(Beginning of STORED DATA)

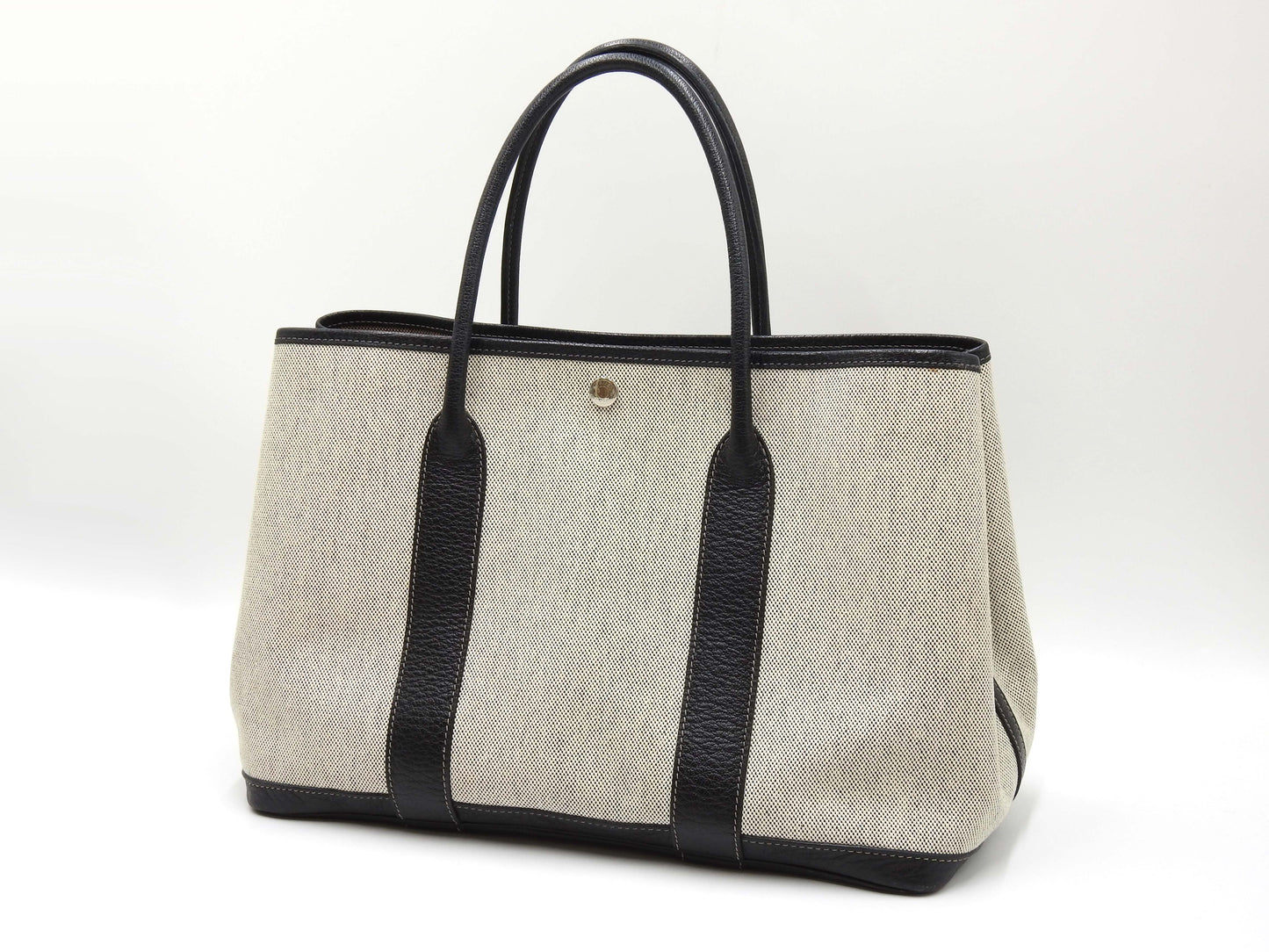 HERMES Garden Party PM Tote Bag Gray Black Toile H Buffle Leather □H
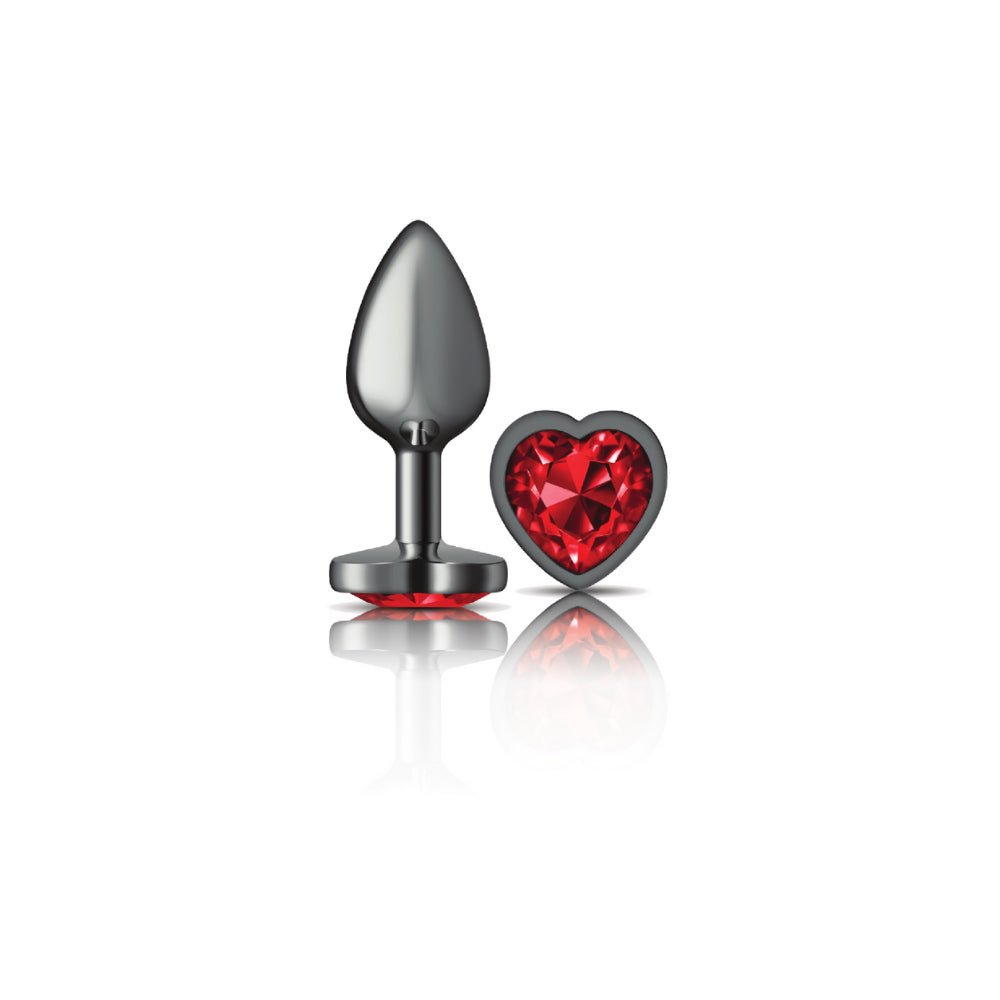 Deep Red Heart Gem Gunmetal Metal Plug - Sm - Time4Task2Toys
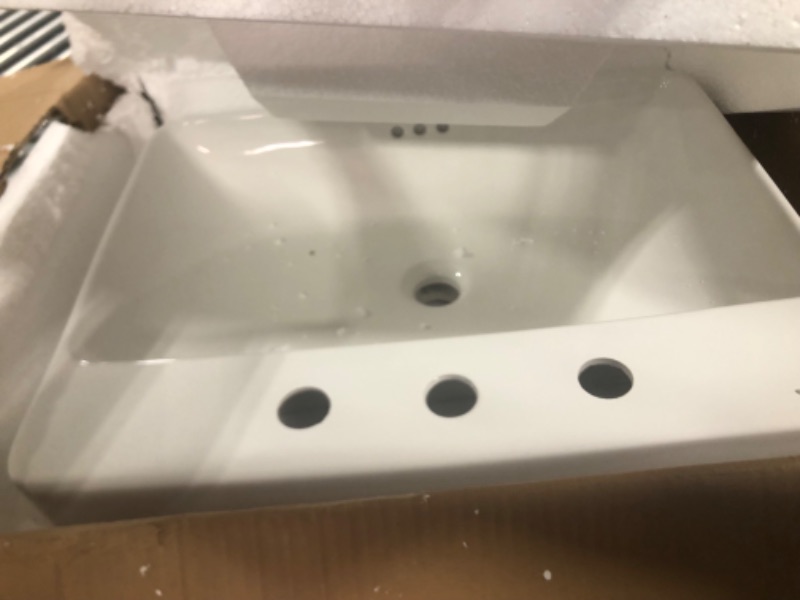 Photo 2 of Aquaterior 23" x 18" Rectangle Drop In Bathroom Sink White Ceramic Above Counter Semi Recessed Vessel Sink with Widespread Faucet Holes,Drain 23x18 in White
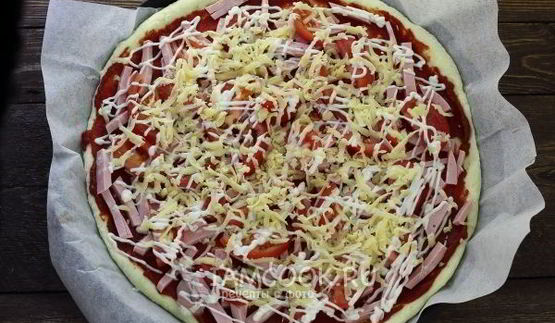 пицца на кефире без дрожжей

(End of STORED DATA)

▶ **WHAT THE EXERCISE ASKS**: Restate the data above verbatim, skipping every image.

▶ **WRITTEN RESPONSE**:
 HERMES Garden Party PM Tote Bag Gray Black Toile H Buffle Leather □H
 Deep Red Heart Gem Gunmetal Metal Plug - Sm - Time4Task2Toys
 Photo 2 of Aquaterior 23" x 18" Rectangle Drop In Bathroom Sink White Ceramic Above Counter Semi Recessed Vessel Sink with Widespread Faucet Holes,Drain 23x18 in White
 пицца на кефире без дрожжей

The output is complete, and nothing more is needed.